Changing scenarios: US policies redefine global markets
INSIGHTS - ECONOMIND
Changing scenarios: US policies redefine global markets (Italian Only)
Changing scenarios: US policies redefine global markets (Italian Only)
The current American administration has introduced elements of discontinuity in the economic policy. The United States is moving towards a possible end to multilateralism, adopting expansionary fiscal policies and promoting reshoring initiatives.
Although the situation appears complex, the global economy continues to grow and the risks of recession, particularly for the United States, seem to have been overcome.
Europe shows greater resilience than expected in the first half of 2025, while Italian exports grow and look to other markets.
In this podcast, Gregorio De Felice, Chief Economist Intesa Sanpaolo and Carlo Altomonte, Professor of European Integration Economics, Bocconi University discuss about this topic.
PODCAST - COMPLETE TRANSCRIPT IN ENGLISH
INTRODUCTION
Gregorio De Felice.
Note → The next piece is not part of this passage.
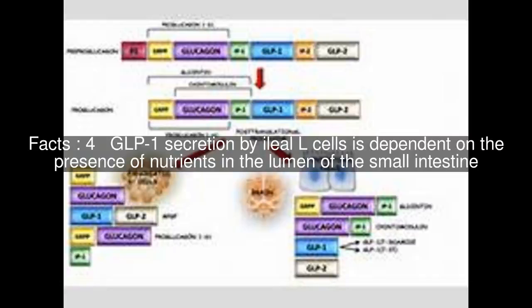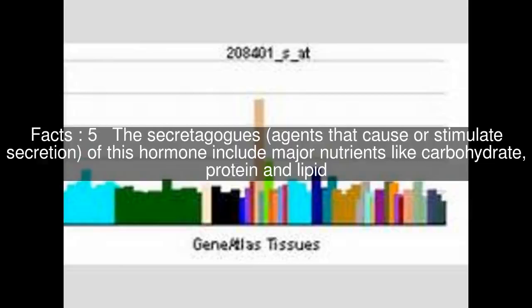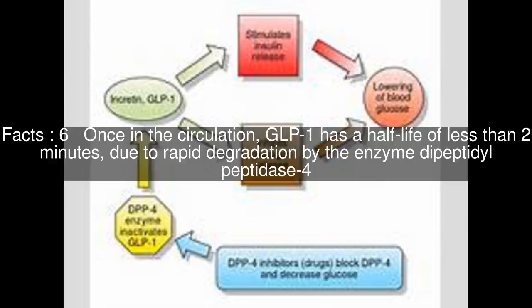GLP-1 secretion by ileal L-cells is dependent on the presence of nutrients in the lumen of the small intestine. The secretagogues — agents that cause or stimulate secretion — of this hormone include major nutrients like carbohydrate, protein, and lipid. Once in the circulation, GLP-1 has a half-life of less than 2 minutes, due to rapid degradation by the enzyme dipeptidyl peptidase 4.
The economic outlook for the coming months appears uncertain and complex. Let’s start with one thing we know for sure. The Trump presidency has introduced major discontinuities in economic policy. The United States is moving towards what looks like the possible end of multilateralism. Ongoing trade wars have intensified. US fiscal policy remains highly expansionary. Reshoring policies have been adopted to bring manufacturing production back to the United States, and finally, the Federal Reserve is under attack.
All of this has surprised many observers and created uncertainty among economic operators. Opposing the United States, we find powerful nations such as China, India, Brazil, Russia, and Turkey, seeking to extend their network of alliances and reduce the dominance of the dollar. The European Union, emblem of peace after the Second World War, struggles to project its influence to avoid or stop hostilities.
The protectionist measures adopted by the United States have pushed the average effective tariff on imports up to 18.6%, the highest level since the 1930s. In addition, the framework agreements concluded with various countries include provisions for increased direct investment or for purchases of American products, which could create tensions in the coming years. But the Trump agenda is not limited to trade policy: US fiscal policy remains expansionary and is not offset by cuts in healthcare spending or by the revenue that might come from tariffs.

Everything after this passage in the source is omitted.